I also own blouses and sweaters and jackets and camisoles and all sorts of fantastic other garments.
I have given in to the T-shirt.
It has been courting me for decades: from that first one I got in T-ball, to the bags of parks and rec T-shirts I got for free from my dad that I showered upon all the girls in the senior class, bestowing upon me that inexplicable cool factor for at least three days.
I loved T-shirts in my 20s.
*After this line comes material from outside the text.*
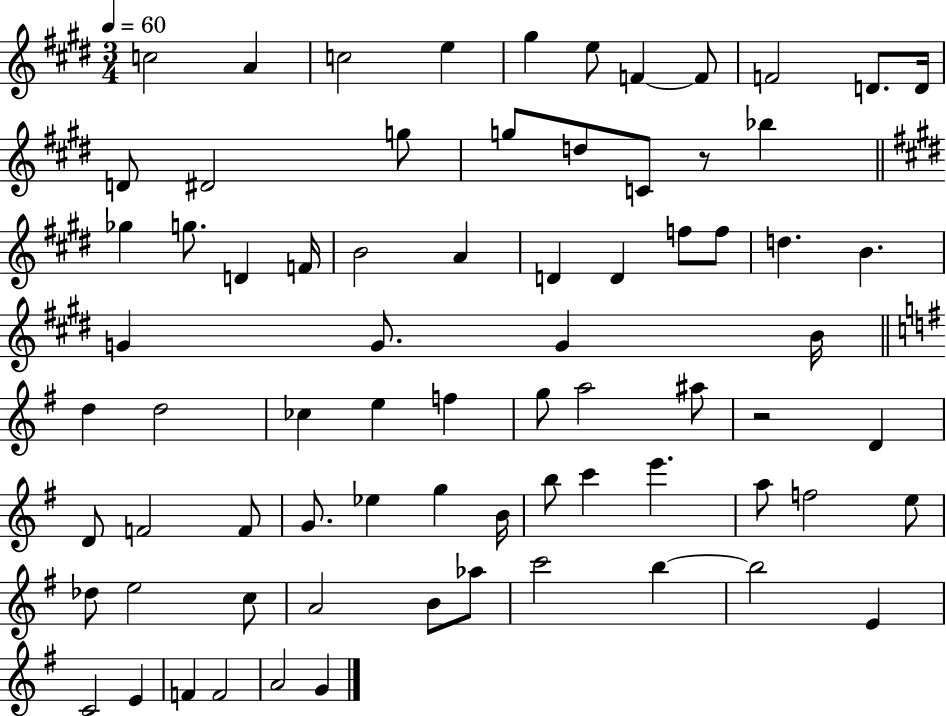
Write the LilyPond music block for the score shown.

I bought them all at Steve & Barry's, a now-defunct (shocking) clothing store that sold everything for $8.
I had my workout T-shirts from Steve & Barry's: Ohio State Buckeyes, Florida State Seminoles.
I had my "going out" T-shirts from Steve & Barry's: a Canada flag with a silhouetted hockey player that I liked to wear with black short-shorts and high heels.
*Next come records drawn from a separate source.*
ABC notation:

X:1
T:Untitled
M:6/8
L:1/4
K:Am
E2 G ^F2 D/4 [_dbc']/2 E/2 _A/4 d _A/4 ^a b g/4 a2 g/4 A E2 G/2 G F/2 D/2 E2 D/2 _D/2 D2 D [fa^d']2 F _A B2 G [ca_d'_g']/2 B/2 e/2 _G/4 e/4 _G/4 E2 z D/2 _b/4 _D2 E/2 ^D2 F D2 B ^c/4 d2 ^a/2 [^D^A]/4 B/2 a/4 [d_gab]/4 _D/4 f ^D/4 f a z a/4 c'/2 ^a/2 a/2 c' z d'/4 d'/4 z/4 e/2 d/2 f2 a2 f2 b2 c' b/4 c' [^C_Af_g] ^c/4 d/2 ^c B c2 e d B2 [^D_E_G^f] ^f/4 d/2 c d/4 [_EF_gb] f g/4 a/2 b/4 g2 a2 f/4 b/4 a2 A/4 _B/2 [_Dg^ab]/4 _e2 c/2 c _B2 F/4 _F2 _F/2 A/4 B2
I had my church T-shirts: plain in color and worn with peasant skirts.
I had my work T-shirts: worn under a Juicy Couture clearance velvet blazer.
Now in my 30s I'd graduated to V-necks with stretch, purchased on Amazon and at Target and sometimes on sale at Nordstrom.
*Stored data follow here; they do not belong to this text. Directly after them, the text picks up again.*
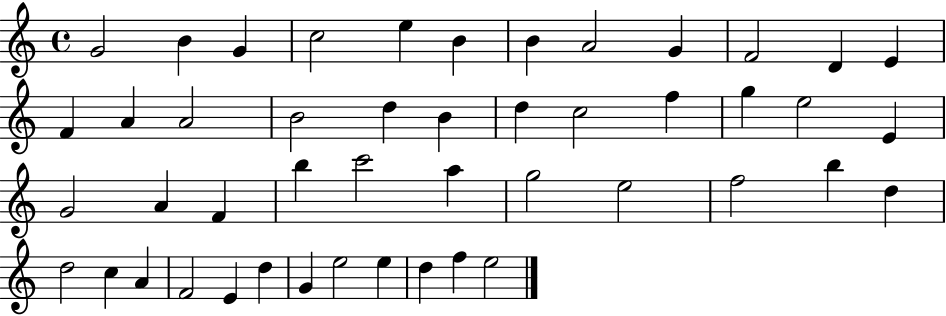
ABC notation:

X:1
T:Untitled
M:4/4
L:1/4
K:C
G2 B G c2 e B B A2 G F2 D E F A A2 B2 d B d c2 f g e2 E G2 A F b c'2 a g2 e2 f2 b d d2 c A F2 E d G e2 e d f e2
I have taken to wearing them to bed too, hugging myself around the waist and breathing in - breathing out - as if a simple garment could make the world safe and predictable again, like it was in T-ball and high school.
I pulled on my Florida t-shirt, with its picture of beaches and palm trees, when my former home in Bonita Springs was pummeled by Hurricane Irma.
Finding out about Las Vegas, where I got engaged and served as a pastor for a year - where my son was baptized - I exhaustedly pulled a red T-shirt over my head and climbed into bed at the end of a long, emotional day.
I was leading a workshop for preachers and I could feel the sense of desperation and fatigue battling within me. The word of God needed so desperately now. Our inability to communicate it rightly. Its hijacking by those who would use it to spread hatred, fear and death.
A red T-shirt, the color of blood spilled not just in Las Vegas but in Orlando and Newtown and San Bernardino. And at the high school my husband graduated from: last week a teenager shot herself.